Short web captions:
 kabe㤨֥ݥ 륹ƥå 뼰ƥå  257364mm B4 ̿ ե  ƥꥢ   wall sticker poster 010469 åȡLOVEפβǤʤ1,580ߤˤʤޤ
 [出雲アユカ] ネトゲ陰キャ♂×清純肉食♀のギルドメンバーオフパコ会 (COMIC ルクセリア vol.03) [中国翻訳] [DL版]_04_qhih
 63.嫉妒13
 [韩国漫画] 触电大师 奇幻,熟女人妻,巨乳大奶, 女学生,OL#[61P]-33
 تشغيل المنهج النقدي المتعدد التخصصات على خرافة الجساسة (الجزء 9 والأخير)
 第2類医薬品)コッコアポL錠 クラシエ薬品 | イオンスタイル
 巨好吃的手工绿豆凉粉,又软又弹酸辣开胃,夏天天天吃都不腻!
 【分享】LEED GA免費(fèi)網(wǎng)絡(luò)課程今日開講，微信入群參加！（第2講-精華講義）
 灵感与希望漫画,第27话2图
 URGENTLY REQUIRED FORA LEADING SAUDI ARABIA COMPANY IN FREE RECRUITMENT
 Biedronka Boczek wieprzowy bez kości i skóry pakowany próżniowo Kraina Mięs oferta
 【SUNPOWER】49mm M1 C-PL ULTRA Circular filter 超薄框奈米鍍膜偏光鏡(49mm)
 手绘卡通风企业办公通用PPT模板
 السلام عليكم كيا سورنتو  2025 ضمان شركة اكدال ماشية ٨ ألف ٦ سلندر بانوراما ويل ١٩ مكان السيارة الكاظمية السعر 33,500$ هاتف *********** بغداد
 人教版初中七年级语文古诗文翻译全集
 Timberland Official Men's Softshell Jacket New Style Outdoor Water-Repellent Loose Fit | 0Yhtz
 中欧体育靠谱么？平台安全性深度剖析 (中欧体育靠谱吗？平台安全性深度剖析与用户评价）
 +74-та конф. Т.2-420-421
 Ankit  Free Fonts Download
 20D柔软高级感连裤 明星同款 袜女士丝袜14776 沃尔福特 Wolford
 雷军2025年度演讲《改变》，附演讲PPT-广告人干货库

ABOUT THIS TASK: From the line holding "[韩国漫画] 触电大师 奇幻,熟女人妻,巨乳大奶, 女学生,OL#[61P]-33" through the last line above, reproduce each line exactly and add nothing.

RESULT:
 [韩国漫画] 触电大师 奇幻,熟女人妻,巨乳大奶, 女学生,OL#[61P]-33
 تشغيل المنهج النقدي المتعدد التخصصات على خرافة الجساسة (الجزء 9 والأخير)
 第2類医薬品)コッコアポL錠 クラシエ薬品 | イオンスタイル
 巨好吃的手工绿豆凉粉,又软又弹酸辣开胃,夏天天天吃都不腻!
 【分享】LEED GA免費(fèi)網(wǎng)絡(luò)課程今日開講，微信入群參加！（第2講-精華講義）
 灵感与希望漫画,第27话2图
 URGENTLY REQUIRED FORA LEADING SAUDI ARABIA COMPANY IN FREE RECRUITMENT
 Biedronka Boczek wieprzowy bez kości i skóry pakowany próżniowo Kraina Mięs oferta
 【SUNPOWER】49mm M1 C-PL ULTRA Circular filter 超薄框奈米鍍膜偏光鏡(49mm)
 手绘卡通风企业办公通用PPT模板
 السلام عليكم كيا سورنتو  2025 ضمان شركة اكدال ماشية ٨ ألف ٦ سلندر بانوراما ويل ١٩ مكان السيارة الكاظمية السعر 33,500$ هاتف *********** بغداد
 人教版初中七年级语文古诗文翻译全集
 Timberland Official Men's Softshell Jacket New Style Outdoor Water-Repellent Loose Fit | 0Yhtz
 中欧体育靠谱么？平台安全性深度剖析 (中欧体育靠谱吗？平台安全性深度剖析与用户评价）
 +74-та конф. Т.2-420-421
 Ankit  Free Fonts Download
 20D柔软高级感连裤 明星同款 袜女士丝袜14776 沃尔福特 Wolford
 雷军2025年度演讲《改变》，附演讲PPT-广告人干货库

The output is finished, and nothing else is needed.